Attention Deficit Hyperactivity Disorder (ADHD), dyslexia, and dyspraxia form a spectrum of over-lapping disorders. The first and last of these are relatively well recognised in children. What is less well known is that these conditions, if not treated, persist into adulthood. They are present in about 10% of the population, and are more easily recognised in males. The effects on the individual and on society are hard to exaggerate.
Those affected are likely to fail educationally, have low self-esteem, be more prone to anxiety, depression, addiction and gambling problems, are at increased risk of accidents and suicide and are far more likely to end up in prison. It is known from studies that 60%-80% of males in young offenders' institutions/prisons have one or more of these conditions. Yet the education departments in both countries have failed to tackle the problem. For example, a screening procedure at about age seven would be appropriate. The NHS has also failed to grasp the importance of diagnosing and treating these conditions, especially in adults. There are two treatment options: medication or brain exercises. In the former, Ritalin or similar drugs are successful in some 90% of cases.
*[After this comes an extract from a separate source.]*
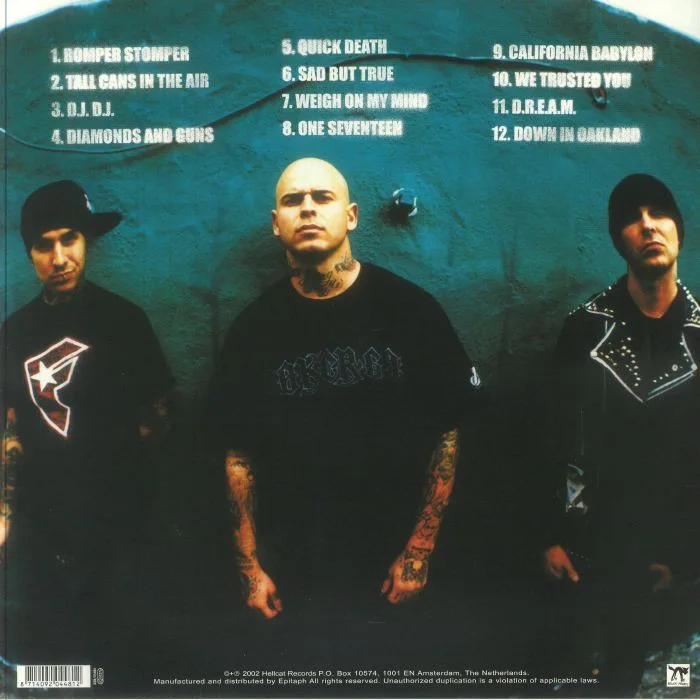 Обратная сторона обложки — TRANSPLANTS — Transplants (reissue)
Unfortunately, there is no NHS specialist centre in Scotland which recognises the need to help adults, despite the fact that Ritalin is commonly prescribed for children. The major drawbacks with using medication are potential side-effects, cost and the frequent need to continue treatment long-term. The only alternative has been pioneered by Wynford Dore, whose daughter suffers from the condition and attemped to take her own life. He has set up assessment centres (Dore Achievement Centres) in the UK and abroad for children and adults. If the condition is confirmed, a programme of exercises is commenced lasting one year (10 minutes twice daily) and costing £2000. If completed, this treatment is 100% successful, and there is no need for medication.
The potential benefits to the individual, and to society, of treating these conditions is incontrovertible. So why is so little being done? If the education, health, and prison services took on the necessary work and expense of screening and treatment, the long-term cost savings would be substantial. Instead of building more prisons, for example, we could reduce the crime rate and close prisons. If the NHS set up clinics to diagnose and treat adults with such learning difficulties, there would be fewer people needing treatment for anxiety, depression, addiction, self-harm, accidents and so on.
This will require joined-up thinking, vision, common sense and, of course, funding. Are there any politicians out there willing to take up the challenge and make it happen?
Michael Adamson, 30 Hamilton Park Avenue, Glasgow.